Le roi Jean, vers 1215, fit marché pour la terre de Watkin (Walter) de Beauchamp.

En 1287, Jean Marie de Beauchamp vendit : « Nobili domino Radulfo de Bello Campo militi unam quart. frumenti ad mensuram de Haya Paganelli... ad feodum de la Favrerie. »

En 1300 : « Radulfus de Bello Campo dedit abbatie de Lucerna ad opus capelle S. J. Baptiste quam fecit juxta sacristariam, in qua elegit suam sepulturam, sex bossellos frumenti. »

Dans le XIVe siècle, Clémence du Guesclin, la plus jeune des sœurs du connétable, épousa en premières noces Raoul, seigneur de Beauchamp, avec qui elle vivait encore en 1364 ; en 1371, elle était remariée à Fraslin de Husson, seigneur de Ducey, de Champcervon, etc.

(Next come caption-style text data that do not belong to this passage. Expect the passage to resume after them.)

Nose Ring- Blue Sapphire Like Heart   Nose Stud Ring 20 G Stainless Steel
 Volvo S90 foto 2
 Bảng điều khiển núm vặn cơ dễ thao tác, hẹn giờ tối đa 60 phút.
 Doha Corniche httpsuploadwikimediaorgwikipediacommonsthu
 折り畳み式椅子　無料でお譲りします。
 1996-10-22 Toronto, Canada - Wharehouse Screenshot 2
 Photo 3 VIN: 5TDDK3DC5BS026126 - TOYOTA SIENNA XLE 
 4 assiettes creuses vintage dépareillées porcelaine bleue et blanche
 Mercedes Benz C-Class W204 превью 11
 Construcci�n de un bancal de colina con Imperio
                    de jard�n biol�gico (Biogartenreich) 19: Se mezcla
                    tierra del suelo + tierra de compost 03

Raoul portait d’azur à quatre jumelles d’or, au lion passant de même en chef. [10]

En 1419, le roi Henri V donna le château de Raoul de Beauchamp à un seigneur anglais qui portait ce nom : « Le 13 dudit, respit dun mois à Jean de Beauchamp de Poywiller du chastel de Beauchamp qui fut à Raoul de Beauchamp chevalier. » [11] Vers ce temps un Beauchamp, comte de Warwick, était lieutenant du duc de Bedford, dit régent de France, comme on le voit dans le Registre de Thorigny : « Ricardus de Beauchamp comes Warvicensis locum tenens dicti regentis tempore Henrici VI pro campo. » [12] Les Anglais ne furent pas paisibles possesseurs de ces conquêtes. Vers 1437, Beauchamp, fut le théâtre de plusieurs engagemens. Il y eut au village de la Provotière et dans le Champ-des-dix-huit-Vergées un combat où les Français furent mis en déroute. [13] Il ne paraît pas que le château fût alors très-important : il est à peine nommé parmi ceux que les Français reprirent, sans coup férir, en 1439 et 50. [14]

Ambroise de Bereauville, seigneur de Beauchamp, à la fin du XVe et au commencement du XVIe siècle, possédait les seigneuries de Beauchamp et de Mesnil Rogues, qui depuis ce temps furent réunies. Une branche des Pierrepont les posséda ensuite, puis elles passèrent par des mariages dans les familles de There, d’Osmond et de Briges. M. de Briges vendit vers 1820 les restes de la terre et du château de Beauchamp. [15]

En 1765, Beauchamp, de l’élection de Coutances, de la sergenterie du Sabot, comptait 115 feux. [16]

Source :

Notes

[1] Pouillé du Diocèse de Coutances, p. 8.

[2] Une église de l’arrondissement de Mortain, placée sous la même invocation, possède un curieux bas-relief en pierre de Caen, représentant l’atelier de ces deux patrons des cordonniers. Elle est contiguë à Saint-Maur-des-Bois.

[3] M. le curé d’Equilly, vieillard plus qu’octogénaire, nous a dit y avoir célébré secrètement la messe pendant la Révolution.

[4] Il est dans la charte de l’abbaye de la Bataille ; dans la Liste rimée de Brompton d’où nous avons tiré notre épigraphe ; dans Masseville, etc.

[5] Introd. to Domesday by sir H. Ellis, tom. I, 379, tom. II, 293.

[6] M. de Gerville, Châteaux, arrondissement d’Avranches.

[7] Voir Dugdale. La baronnie de Bedford fut donnée à Pain de Beauchamp par G. Le Roux. Selon Banks, les Beauchamp s’élevèrent à une grandeur voisine de celle du souverain.

[8] Orderic Vital, p. 837, édit. Duchesne.

[9] Rôles de l’Échiquier, édit. de M. Stapleton, tome II, page 238 et 239. Catalogue Nobilium. Ap. Duchesne.

[10] M. de Gerville. Loco cit.

[11] Registre des Dons, par Ch. Vautier, page 78.

[12] La Déclaration de la Chevalerye de Jehan, régent de France, publiée par M. Dubosc dans le premier numéro du Journal des Savans de Normandie. Ce Mss. intéressant pour l’histoire ne l’est pas moins pour la philologie, et représente la langue hibride, latine, anglaise et française, du temps de l’occupation anglaise. En voici deux spécimen : « Vel la garnison Montis S. Michaelis. » « Here John capitaneus. »

[13] Richard Seguin, Histoire mil. des Bocains, p. 314.

[14] M. de Gerville. Loco cit.

[15] M. de Gerville, Châteaux, ut supra.

[16] Expilly, Dictionnaire des Gaules. Près de Beauchamps, à Mesnil-Rogues, on a trouvé plus du 300 kilo. de coins celtiques, enfilés par des lanières de cuir. Ils ont été vendus à Villedieu à H. Pichard, fondeur. Nous possédons un de ces coins.